En plus de cela, ne pas acheter ses actions trop cher (avec la fameuse « marge de sécurité » chère à Benjamin Graham) permet de limiter les risques si jamais le scénario inflationniste ne se déroulait pas comme prévu.
Combiner ces facteurs pour trouver des idées d’investissement
Nous l’avons vu ici que, selon la majorité des études, les actions qui se comportent le mieux durant les périodes d’inflation sont :
- Des actions qui se paient relativement peu chères
- Préférablement situées dans le secteur de l’énergie
- Ou dans des secteurs qui peuvent facilement faire « passer » les coûts générés par l’inflation à leurs clients sans devoir les subir eux même
Partant de cela, il y a plusieurs manières de « jouer » ce scenario en fonction de votre profil et de votre stratégie. Un investisseur qui préfère les fonds ou les trackers pourra par exemple directement ajouter des ETFs sur le secteur de l’énergie ou de la finance (un exemple : XLE ou XLF aux U.S).
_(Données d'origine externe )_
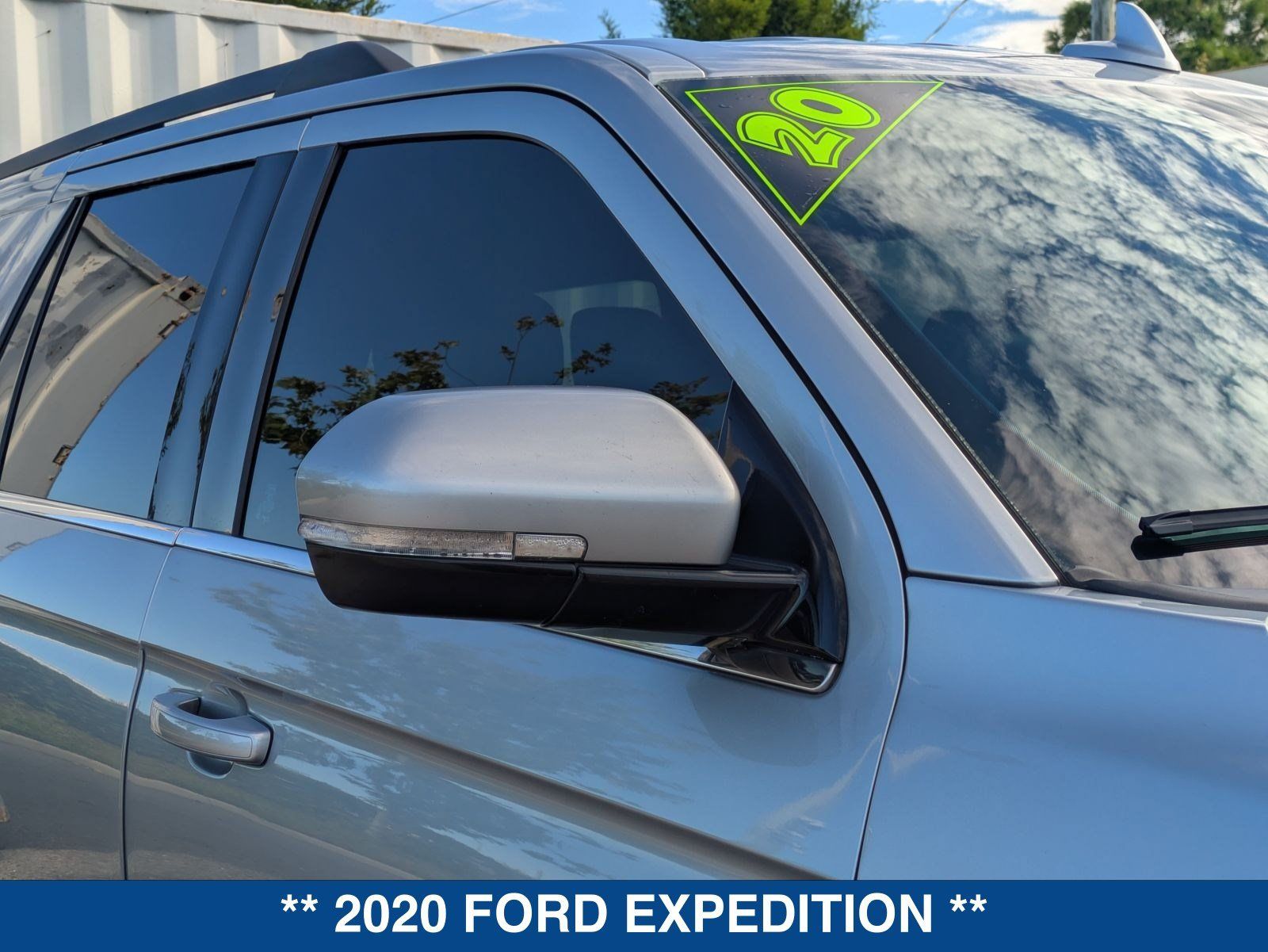 Used 2020 Ford Expedition XLT w/ Equipment Group 202A RWD image 11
Un investisseur plutôt orienté actions et dividendes (c’est mon cas), pourra partir directement à la recherche de valeurs de rendement qui répondent à ces critères (si vous me connaissez, vous savez que je préfère en général vous donner des pistes de réflexion plutôt que des noms, mais je sais que quelques exemples concrets sont toujours bienvenus).
Coté énergie, de grands noms tels que Total (en France) ou Exxon Mobil (aux U.S) cochent toutes les cases en terme de rendement, valorisation, et secteur par rapport aux différents critères donnés (si vous êtes plutôt finance verte, vous pouvez partir également du coté des renouvelables, mais elles se paient aujourd’hui beaucoup, beaucoup plus cher que les pétrolières).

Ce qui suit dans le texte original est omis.